通常「MM2H」の取得申請は、マレーシア政府指定代理店に依頼して、マレーシア移民局から発給取得までを請け負ってもらいます。

そしてビザ申請後、仮承認を受けたタイミングでマレーシアに渡航し、マレーシアの銀行口座を開設して、定期預金を預けるなどの手続きを行うというのが一連の流れです。

現行制度において、MM2Hには「プラチナ(有効年数20年間)」、「ゴールド(有効年数15年間)」、「シルバー(有効年数5年間)」という3つの区分があります。

このうち、武さんが取得を目指す「シルバー」は滞在期間も短く、申請費用も一番安い区分。とはいえ、現地の銀行定期預金口座にアメリカドルで15万ドル(1ドル=143円として日本円で2,145万円以上)預ける必要があるほか、住宅購入なども条件となっており、簡単に取得できるものではありません。

ビザ取得のために代理店に支払う手数料などの諸費用を含めると、日本円で約4,500万円は必要です。

そこで武さんは「申請前に一度現地へ行って下調べをしよう。そこで納得できればすぐに現地で代理店を通して、MM2Hを取得しよう」と考えました。

物価も高い、景色も違う…20年ぶりのマレーシアで感じた「変化」

そして早期退職から数ヵ月後、武さんは大型スーツケースを片手に、クアラルンプール国際空港に降り立ちました。

しかし、念願のマレーシアにもかかわらず、武さんは浮かない表情です。

マレーシアの通貨は「リンギット」で、現在の為替相場は1リンギットあたり34円前後です。
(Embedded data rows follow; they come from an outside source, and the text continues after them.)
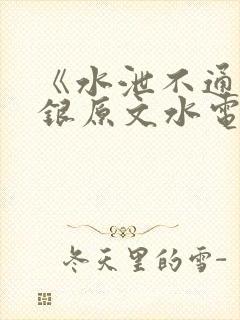 《水泄不通》金银原文水电工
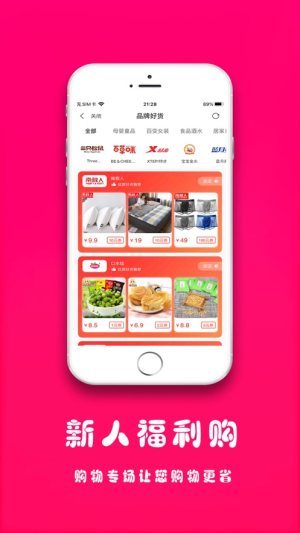 聚美价app手机版图片2
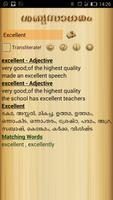 Malayalam English Dictionary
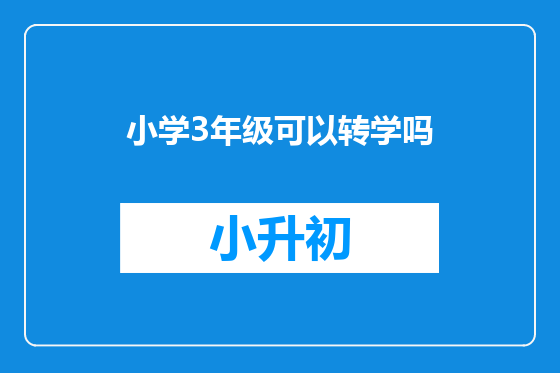小学3年级可以转学吗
しかし、日本円対アメリカドルで円安が続いているように、円対リンギットも、ここ5年間円安傾向にあります。

そのためか、日本より物価が安いはずのマレーシアでも、以前と比べて思いのほか物価が高くなっていることに気づきました。また、街は高層ビルが何棟も立ち並び、20年前に見た景色とは大きく異なります。